Hay una anécdota, seguramente apócrifa pero atribuida a otro bebedor histórico, Ernest Hemmingway, quien, dicen, defendía que para conseguir un martini realmente seco había que beber directamente de la botella de ginebra, a gollete, mirando fijamente la de martini. Hemmingway, ya se sabe, prefería beber de la botella, y lo hacía con el peor brandy español en su barrera de las tardes de San Fermín o en la de Ronda, el 9 de septiembre, con un Dominguín a cada lado. O a lo mejor me lo invento. El sol de agosto y la memoria herrumbrosa y parafascista de César González Ruano en su “Diario íntimo”, terrible testimonio de la decadencia humana e intelectual al que acudo de vez en cuando para refrescar la mía, mi memoria tibia y cincuentona, nos traen a un Hemmingway tembloroso, dando traspiés por la escalera del piso madrileño de Pío Baroja el día de su muerte. Llorando. Por culpa del brandy o, a lo mejor, por culpa de la literatura



Para conseguir un verdadero dry martini no hace falta ser ni tan radical como don Ernest Hemmingway ni tan hortera como los barmen de la cadena Tryp Sol, o al menos alguno de ellos, muy aficionados a inundar una copa poco fría de martini blanco dulce, bautizarla con ginebra Beefeater para luego coronarla con una incomodísima espiral de corteza de limón pinchada junto a una aceituna. Ni tan puntilloso como los devotos de don Perico Chicote (esas tres gotas, tres, de martini seco y esa gota única e inútil de angostura) ni tan estrecho de miras como alguno de mis amigos que a la sequedad de la ginebra suelen aunar la de ciertos rasgos de su carácter (perdón, Johnny).

Para elaborar un auténtico dry martini no hay que conseguir ni demostrar nada ni ser nada especial. Sólo hay que estar un poco atento, eso es todo. Además, hay que disponer de copas heladas, de copas “de martini” heladas, ni muy altas ni muy bajas y con una hermosa boca. Una buena ginebra seca que tampoco sea muy perfumada, como la Gordon’s (a mí me gusta la catalana Giró, pero sirve cualquier otra), que tampoco está mal tenerla en la nevera, añadirle, encima, un leve chorrito de martini blanco seco y dejar que flote en la copa un mínimo trozo de corteza de limón pinchado junto a una aceituna rellena de anchoa. Con esa banderilla se mezcla ligeramente el contenido de la copa, dos vueltas, y se bebe en apenas tres sorbos. Digamos que tres sorbos y una buena compañía son suficientes.

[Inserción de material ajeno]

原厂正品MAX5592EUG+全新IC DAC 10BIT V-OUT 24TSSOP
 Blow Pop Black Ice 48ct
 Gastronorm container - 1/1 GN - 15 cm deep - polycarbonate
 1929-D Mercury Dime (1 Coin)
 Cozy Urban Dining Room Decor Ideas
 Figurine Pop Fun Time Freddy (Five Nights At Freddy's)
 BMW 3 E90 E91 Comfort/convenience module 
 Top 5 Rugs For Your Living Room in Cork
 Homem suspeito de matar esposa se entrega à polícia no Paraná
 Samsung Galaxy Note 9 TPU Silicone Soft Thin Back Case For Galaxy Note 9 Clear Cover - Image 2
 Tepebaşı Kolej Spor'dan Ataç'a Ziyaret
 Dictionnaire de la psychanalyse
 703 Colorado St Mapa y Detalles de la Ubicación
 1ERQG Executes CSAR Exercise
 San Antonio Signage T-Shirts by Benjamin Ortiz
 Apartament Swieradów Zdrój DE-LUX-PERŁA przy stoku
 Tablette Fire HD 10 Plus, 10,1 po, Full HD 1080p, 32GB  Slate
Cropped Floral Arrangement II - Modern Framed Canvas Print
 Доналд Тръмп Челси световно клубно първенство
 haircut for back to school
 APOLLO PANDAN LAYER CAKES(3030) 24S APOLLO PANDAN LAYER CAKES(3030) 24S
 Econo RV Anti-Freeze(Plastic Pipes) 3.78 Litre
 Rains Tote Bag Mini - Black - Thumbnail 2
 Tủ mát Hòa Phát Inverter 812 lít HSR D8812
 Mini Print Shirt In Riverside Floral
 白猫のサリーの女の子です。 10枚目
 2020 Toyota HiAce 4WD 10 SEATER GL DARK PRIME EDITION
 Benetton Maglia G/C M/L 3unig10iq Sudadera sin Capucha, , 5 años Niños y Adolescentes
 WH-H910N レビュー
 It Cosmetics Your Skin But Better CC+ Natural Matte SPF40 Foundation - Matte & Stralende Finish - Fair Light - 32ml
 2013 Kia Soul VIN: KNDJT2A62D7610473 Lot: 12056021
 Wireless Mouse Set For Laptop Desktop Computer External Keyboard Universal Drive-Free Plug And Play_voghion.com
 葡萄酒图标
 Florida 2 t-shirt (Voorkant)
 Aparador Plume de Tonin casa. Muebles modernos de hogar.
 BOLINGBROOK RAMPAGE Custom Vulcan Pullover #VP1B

Otra cosa es el dry martini solitario. “Los” dry martini, porque deben ser un mínimo de dos para que se aclaren las ideas y luego se pueda, por ejemplo, iniciar una pelea con tu mejor amigo o llamar a tu amante lejano para desearle las buenas noches o ponerse a escribir cosas como ésta. Se trata, evidentemente, de martinis nocturnos. Y siempre para antes de la cena. Si se cocina con verdadera afición dos copas serán suficientes. Si se hace con desgana es mejor tres. Si el o la amante son propensos al insomnio es mejor llevarse la tercera copa, ya un poco más lenta, a la mesita del teléfono y, por fin, si se va a poner uno frente al ordenador es mejor cenar antes.

Esos martinis solitarios tampoco hace falta que sean tan secos. Yo los complico con partes iguales de ginebra y de martini, con dos aceitunas y con dos gotas, además, de limón. Aunque todo esto, como el objeto de la discusión de Bruno y Guy o la opinión, que la tenía, de Patricia, es tan relativo, casi tan relativo, como la religión. Tan relativo como que a estas horas, tan tarde, he dejado dos muslos de pollo a descongelar para elaborar una diabólica ensalada llena de buenas intenciones (y de pimienta y además curry y vete a saber), y no tengo ni una gota de martini. A mi lado tintinea, erguida, fantástica, una copa de vino clarete de la Terra Alta que, si no hace las veces, me va a venir a reconciliar, digamos, con mi propia religión.